A corrida tecnológica - como a Guerra Fria impulsionou a ciência


Era março de 1946. O mundo ainda se recuperava da Segunda Guerra Mundial. Winston Churchill, recém-saído do cargo de primeiro ministro britânico, discursava em Fulton, Estados Unidos: "Desceu uma cortina de ferro que corta o nosso continente". Com virulência, Churchill atacava o comunismo em resposta a outro discurso, o de Stalin, que por sua vez considerava o capitalismo uma ameaça à paz mundial. Estava deflagrada uma guerra jamais declarada oficialmente mas que, durante quase cinqüenta anos, dividiria o mundo em dois blocos e que em vários momentos ameaçou exterminar a humanidade: a Guerra Fria.

Mas essa mesma tensão gerada pela queda de braço entre capitalistas e comunistas também impulsionaria a ciência e a tecnologia de um modo jamais visto durante toda a história humana.
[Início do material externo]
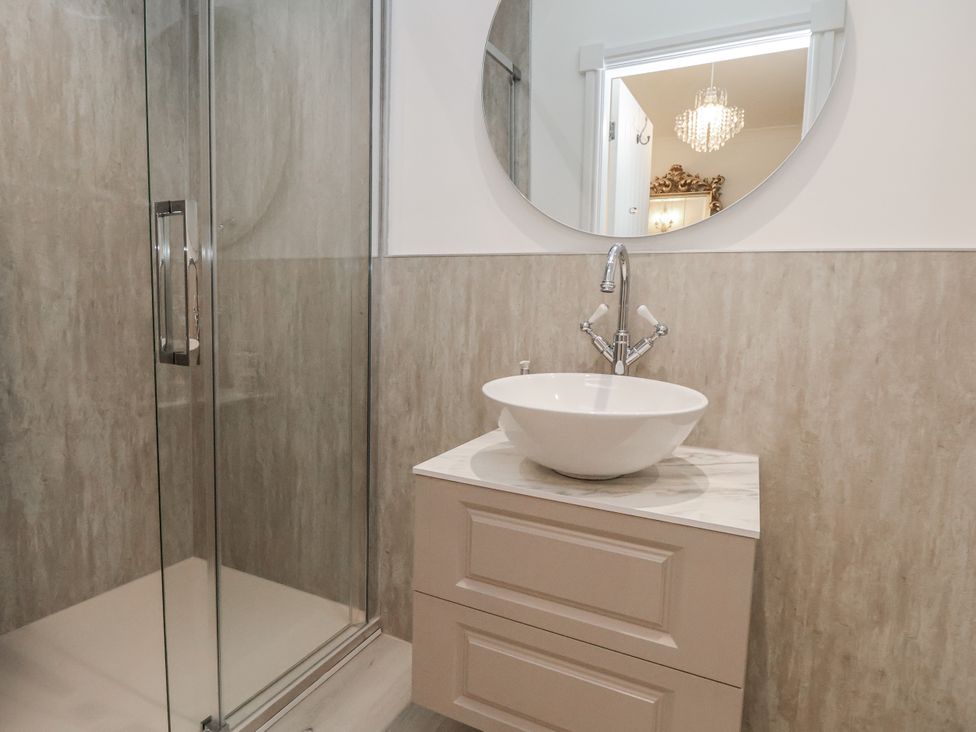 A bathroom with a shower and a sink at The House at School Farm in Hassall near Haslington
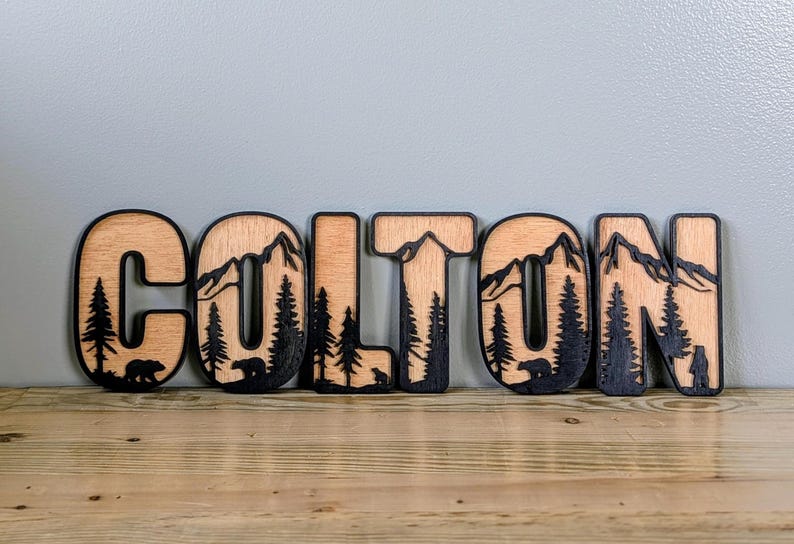 May include: A set of six wooden letters spelling the name COLTON, featuring a layered design with a natural wood finish and black cutouts depicting mountain peaks, evergreen trees, and small bear silhouettes within each individual letter.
Testemunhas da importância do conhecimento científico na Segunda Guerra, Estados Unidos e União Soviética sabiam que não poderiam prescindir desse poder que auxiliou a máquina de guerra nazista e que foi fundamental na criação da bomba atômica. Entretanto, não só a indústria bélica foi beneficiada. O computador que você tem agora à sua frente; a Internet, rede em que esta reportagem foi publicada; o seu relógio digital e até a viagem do homem à Lua são, de certa forma, frutos dessa Guerra. Tecnologias das mais variadas áreas foram influenciadas por ela.
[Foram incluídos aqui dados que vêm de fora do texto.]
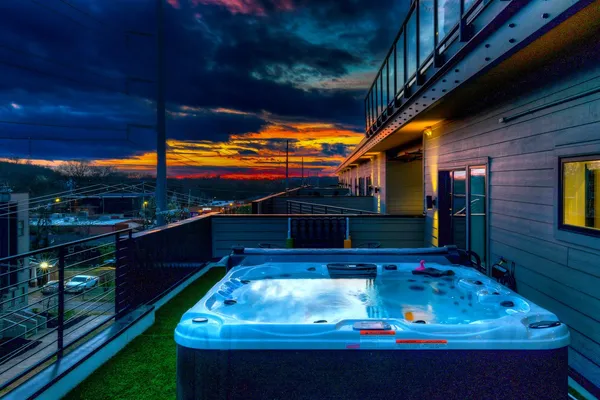 a room with pool table and chairs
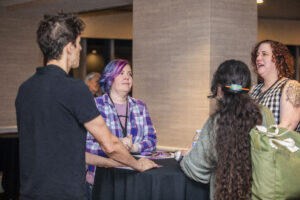 Panelists Michael Solis and Kelsey Josephson chat with other attendees during opening events at our 60th Anniversary Nebula Awards Conference. (Photo Credit: Kaitrin Acuna, 2025.)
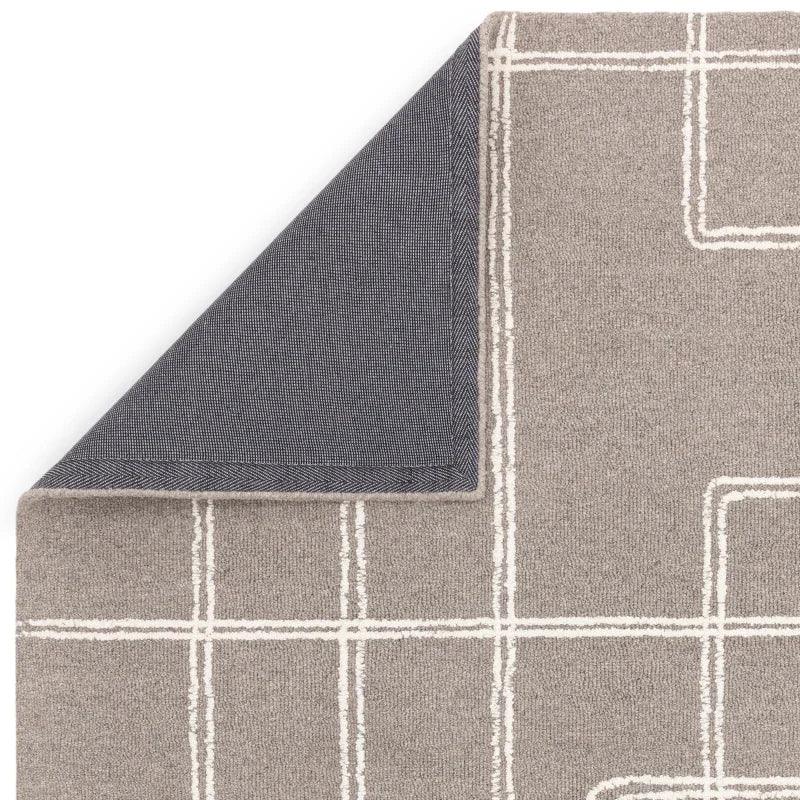 Grey area rug with white geometric lines and visible dark woven underside corner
Sem a ameaça do bloco adversário, o desenvolvimento de satélites e foguetes se daria em outro ritmo. Há quem acredite que sem a constante sombra do Kremlin, os Estados Unidos sequer se interessariam pelo desenvolvimento de foguetes. Isso porque muitos militares do alto escalão americano acreditavam que os aviões bombardeiros eram o transporte ideal da grande vedete do setor bélico: a bomba atômica (veja documento em site da CNN ). Deslumbrados pelo grande poder destrutivo da bomba, demonstrado em Hiroshima e Nagasaki, os militares concentrariam esforços, e dinheiro, no desenvolvimento de artefatos nucleares, deixando descobertos outros setores de pesquisa. Mas os avanços dos foguetes soviéticos não deixaram os EUA dormirem no ponto.
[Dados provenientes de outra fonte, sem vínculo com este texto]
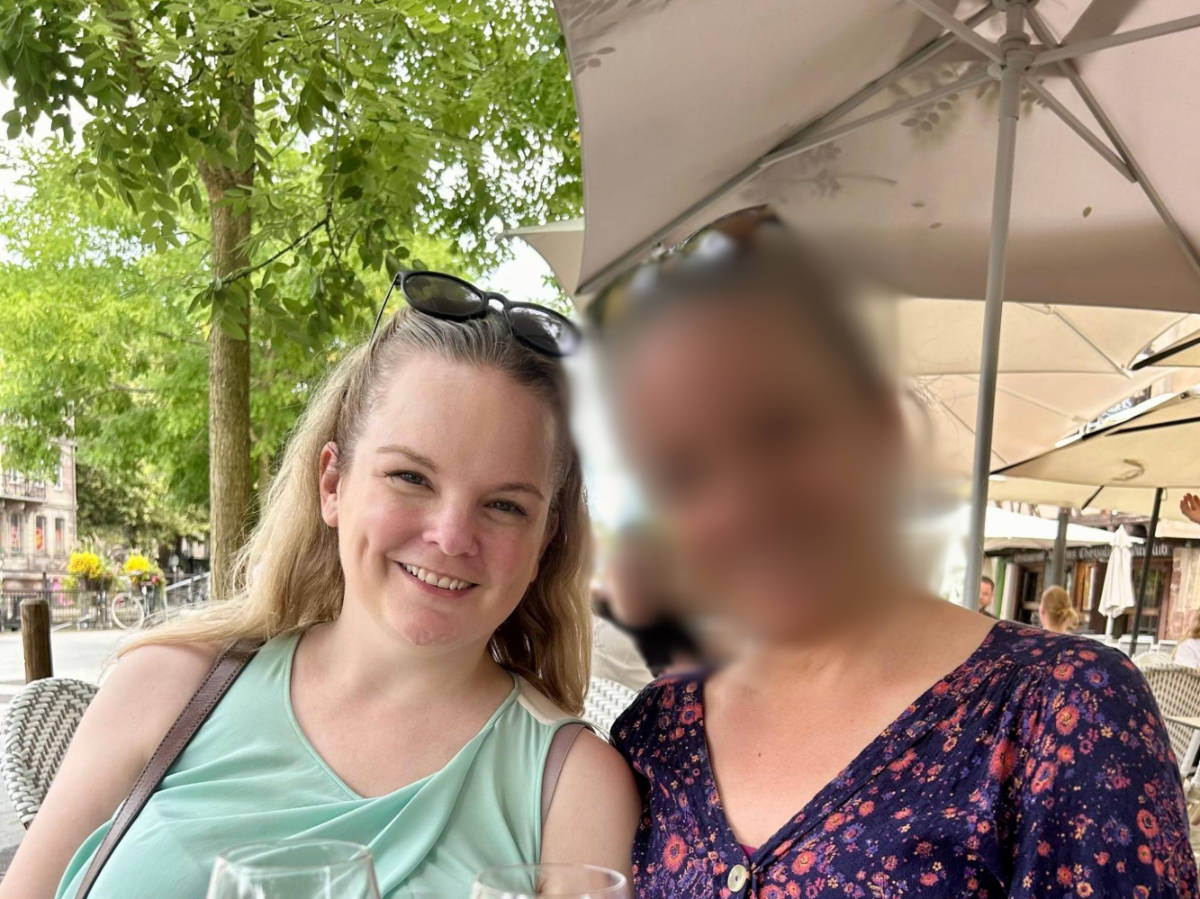 The author Rachel Kapelke-Dale and her sister, sitting at the patio in a Bourse area café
Os embates deram-se como numa partida de xadrez, em que cada movimento de um dos lados era seguido de uma resposta, quase que imediata, do oponente. O primeiro lance foi dos Estados Unidos, que já em 1946 fez um teste nuclear no Atol de Bikini, no Pacífico. A repercussão mundial levou o estilista francês Jaques Heim a batizar seu maiô de duas peças com o nome do atol. A URSS recebeu o recado e, em 1949, já testava o seu primeiro artefato nuclear.

Na década de 50, a disputa ganha o espaço sideral com os soviéticos saindo na frente. Em agosto de 1957, eles lançam seu primeiro míssil balístico intercontinental, o R7. Provavam assim que poderiam atingir os Estados Unidos sem decolar um único avião nem deslocar tropas de seu país. Com a mesma tecnologia já eram capazes de colocar um objeto em órbita e foi o que fizeram dois meses depois. Em outubro daquele ano, o mesmo foguete levou o Sputnik, uma esfera pouco maior que uma bola de basquete que entrou em órbita espalhando um sinal intermitente pelo espaço, tornando-se o primeiro satélite artificial do mundo. Em dezembro de 1957, os EUA responderiam com o Minuteman, carro chefe de uma safra de mísseis intercontinentais desenvolvidos na América (Atlas, Titan e MX, este apelidado ironicamente de Peacekeeper, "o mantenedor da paz"). Mais irônico ainda é que o desenvolvimetno de mísseis balísticos dos dois blocos foi herança de um ex-inimigo comum: a Alemanha Nazista. Logo após o fim da Segunda Guerra, soviéticos e americanos cooptaram o que puderam dos espólios científicos da Alemanha Nazista. Entre cientistas, projetos e relatórios de pesquisa, aproveitou-se muita coisa do V2, o potente foguete com o qual Hitler atormentou os britânicos, lançando mais de 3 mil unidades em direção à Inglaterra durante a Guerra.

Completando a primeira década da era espacial, uma das principais contribuições científicas da Guerra Fria viria em outubro de 1958 com a criação de uma das mais ilustres filhas do conflito: a NASA, a agência espacial norte-americana. Beneficiária do investimento americano na corrida espacial, a agência encabeçou os principais feitos espaciais do ocidente. Foi ela a responsável pelo projeto Apolo que levou o homem à Lua, em 1969; a resposta americana ao passeio, em 1961, de Yuri Gagarin, o primeiro homem a orbitar a Terra.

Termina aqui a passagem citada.